Out-Law News | 03 Jun 2020 | 11:20 am | 1 min. read

Payment institutions and financial technology companies have an opportunity to build innovative new services based on the 'Request to Pay' framework newly published in the UK, according to an expert in payments law.

Andrew Barber of Pinsent Masons, the law firm behind Out-Law, said new payment messaging services will emerge in light of the development.

The 'Request to Pay' framework has been developed by Pay.UK, the body responsible for designing and implementing new payments architecture in the UK. It sets out message standards, rules, and terms and conditions for the development of so-called Request to Pay services, which will allow organisations to effectively invoice others through a two-way communication channel, and allow prospective payers to understand more about the payment they are being asked to make and decide whether to make a full or partial payment, query the bill, decline a payment or request an extension to pay, among other things.

Pay.UK said more than 400 organisations helped to "refine" the Request to Pay framework and that it has already been successfully piloted.

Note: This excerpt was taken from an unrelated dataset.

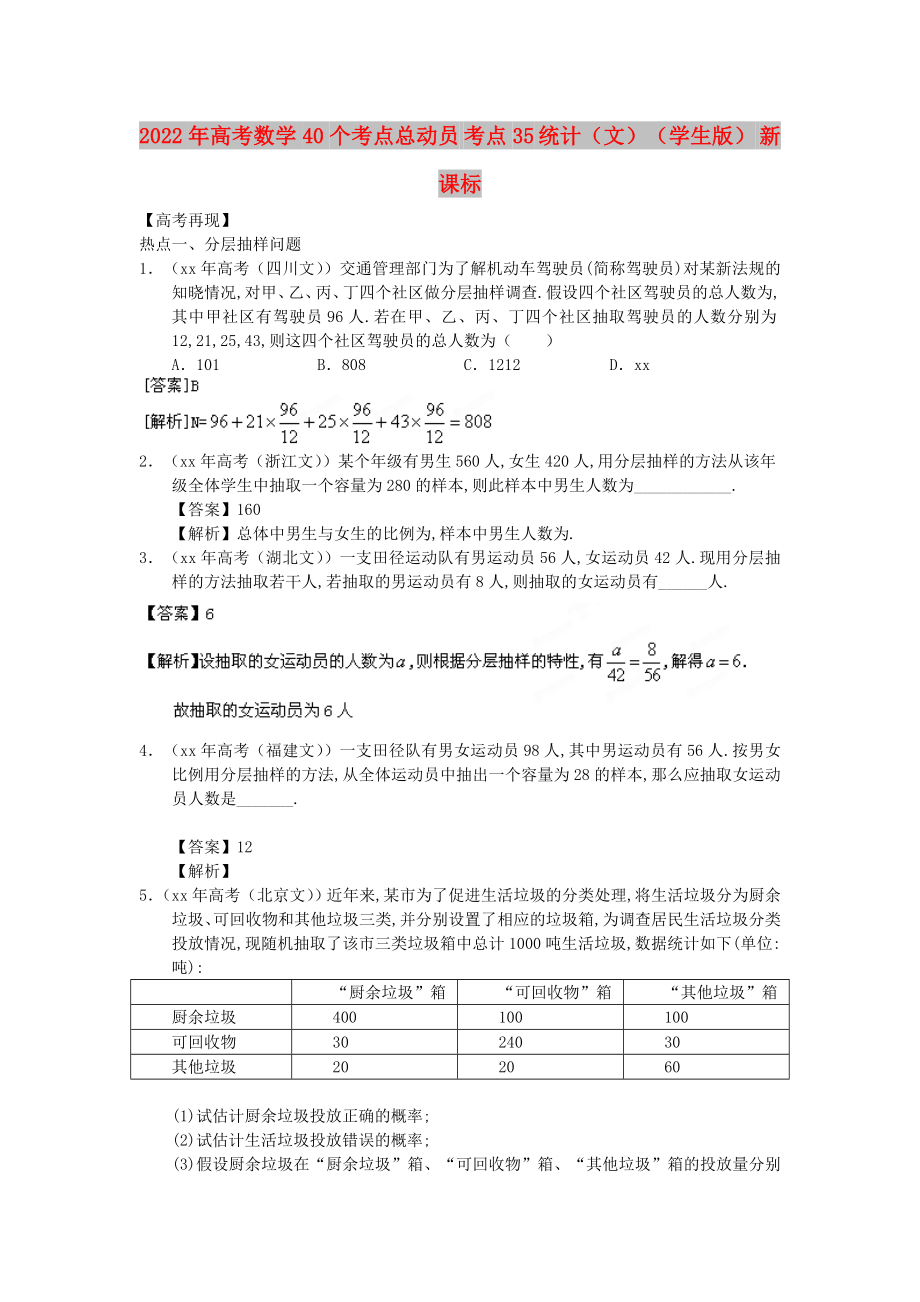 2022年高考數(shù)學40個考點總動員 考點35 統(tǒng)計（文）（學生版） 新課標_第1頁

Barber said: "The publication by Pay.UK of the framework for the development of Request to Pay services is another key step in widening the range of payment offerings in the UK. While being a messaging overlay to existing payment systems, Request to Pay will allow for the creation of a new range of payment messaging services to allow payment users to quickly and easily pay invoices from a range of organisations."

"We will undoubtedly see a range of new propositions emerge over the next 12 to 18 months as firms take advantage of the development framework," he said.

Paul Horlock, Pay.UK chief executive, said “The Request to Pay framework represents the culmination of a user driven journey that was started by Faster Payments, taken forward by the Payments Strategy Forum and we’re now excited to see come to fruition through Pay.UK with the support of stakeholders from across the industry. It is another milestone on the way towards building a more flexible future for payment services, fit for the needs of people and businesses everywhere."